By Velvet Wahl

Pride nights have become widely hosted as sports teams work towards making LGBTQ players and fans feel welcome. Most major sports teams in Arizona have had, or plan to have, Pride Nights to show their support for the community. 

The Phoenix Suns basketball team had a Pride Night in May and the Arizona Coyotes hockey team had theirs in April. Both teams had Pride-themed merchandise and the Coyotes wrapped their sticks with rainbow tape during warmup. The hockey team even had members of the Phoenix Gay Men’s Chorus sing the National Anthem.

"This is really about us opening our hearts as an organization and saying, 'Look, this is an initiative we want to support forever, and we want to do it well,'" Coyote’s player Lyndsey Fry told Coyote News. "We're not going to do everything perfectly on 'Night One,' but this is a step in the right direction."

The Suns were the first NBA team to sign ONE Community’s UNITY pledge back in 2016, and the Coyotes signed the pledge last September. The pledge aims to “advance workplace equality and equal treatment in housing and public accommodations for [LGBTQ] individuals and their allies,” according to ONE Community’s website.

The Diamondbacks have a Pride Night on June 11 at Chase Field, a dedicated microsite (dbacks.com/pride), and trans-inclusive merch.

Despite these efforts to support the community, many LGBTQ people still feel scared to come out to their families and peers, and this fear can be heightened in competitive sport environments.

A study published in 2015 titled “Out on the Fields” found that 70% of all American participants said that they believe homophobia is more common in American sports than anywhere else. A little over half said they believe that LGB people are only accepted a little in sports culture, if at all. 

The study, commissioned by Bingham Cup 2014, Sydney Convicts, and Sport Australia, surveyed almost 9,500 people; 2,064 of those were Americans.
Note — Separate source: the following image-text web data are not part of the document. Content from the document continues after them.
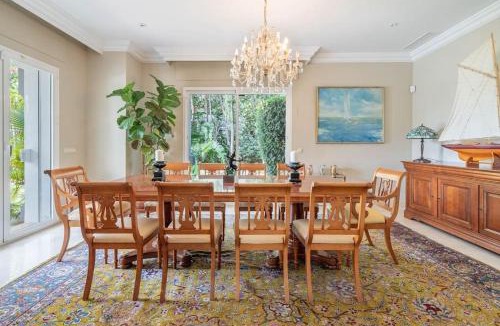 Benahavis Villa | Stunning 5 bed Andalucian villa La Quinta RDR422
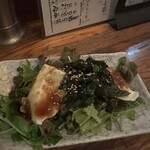 十七番地 - お通しは野菜サラダにドレッシングがかかっていてヘルシーですね。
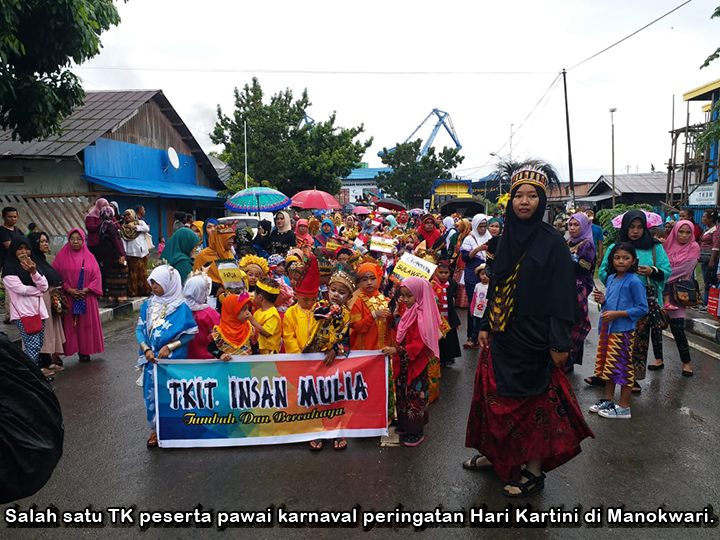 Pakai Busana Adat, Ribuan Anak TK Gelar Pawai Karnaval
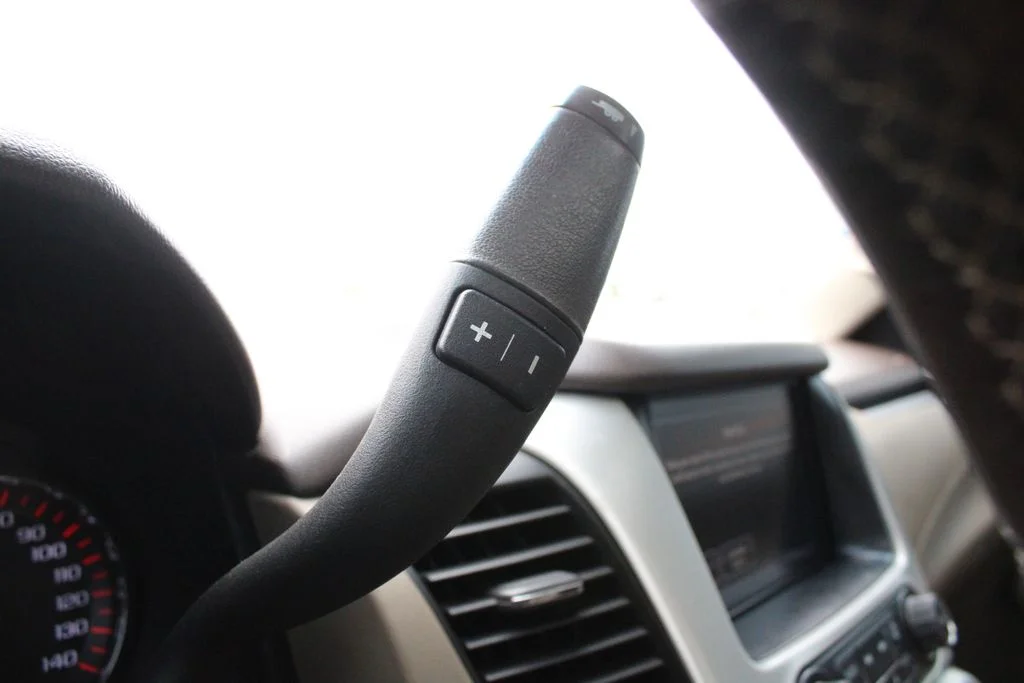 Used 2016 White GMC SLT image 16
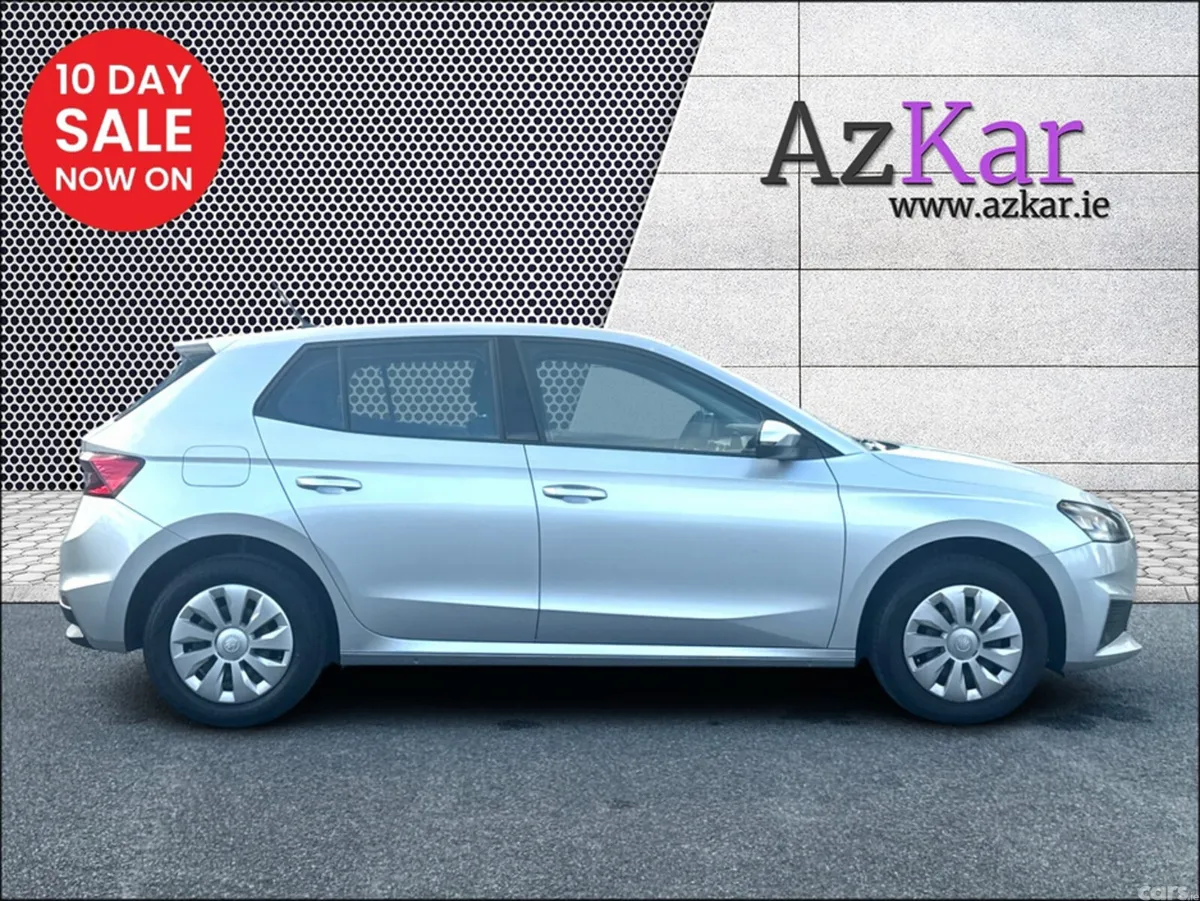Skoda Fabia Hatchback, Petrol, 2023, Grey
Athletes often agree that it can be harder to come out in sports, and the fear of retaliation stops a lot of players. 

“I've had a couple of gay men in my life who didn't come out until after their youth hockey career was over because they didn't feel safe to talk about it in the locker room,” Fry, who is openly lesbian, told Coyote News. “You think about some of the words that get thrown around in youth hockey locker rooms. Imagine how a gay teammate might have felt, or who may have decided to quit because they didn't feel like they could be who they were without being bullied or rejected."
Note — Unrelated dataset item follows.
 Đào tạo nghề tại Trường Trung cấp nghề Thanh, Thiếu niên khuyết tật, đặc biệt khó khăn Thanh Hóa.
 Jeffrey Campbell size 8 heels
The use of homophobic slurs continues to be used in competitive sport environments, even if it’s not connected exclusively to homophobia. “Out on the Fields” found that 89% of gay men and 82% of lesbians reported experiencing harassment through slurs. Arizona sports teams are not innocent when it comes to issues of harassment by teams and fans.
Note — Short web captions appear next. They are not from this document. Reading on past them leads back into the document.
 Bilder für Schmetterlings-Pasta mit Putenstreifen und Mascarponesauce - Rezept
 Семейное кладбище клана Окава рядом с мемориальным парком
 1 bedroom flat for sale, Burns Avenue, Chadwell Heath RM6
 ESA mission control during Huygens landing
Just last year, Arizona soccer team Phoenix Rising had issues with a player using a derogatory name towards one of San Diego Loyal’s openly gay players during a USL Championship game. Rising’s head coach, Rick Schantz, dismissed the issue and caused Loyal to walk off the field in retaliation, forfeiting both the match and their chance of making the playoffs.

Both the Rising player, who denied using the slur, and Schantz were put on leave. Afterwards, Schantz apologized and told the website OutSports that the incident opened his eyes. Schantz was later reinstated.

The incident seemed to have opened the eyes of Phoenix Rising as a whole. They increased their outreach with the LGBTQ community and have added pre-season trainings on inclusion and allyship. They even had the Phoenix Gay Flag Football League play their championship match following their opening home game this year. 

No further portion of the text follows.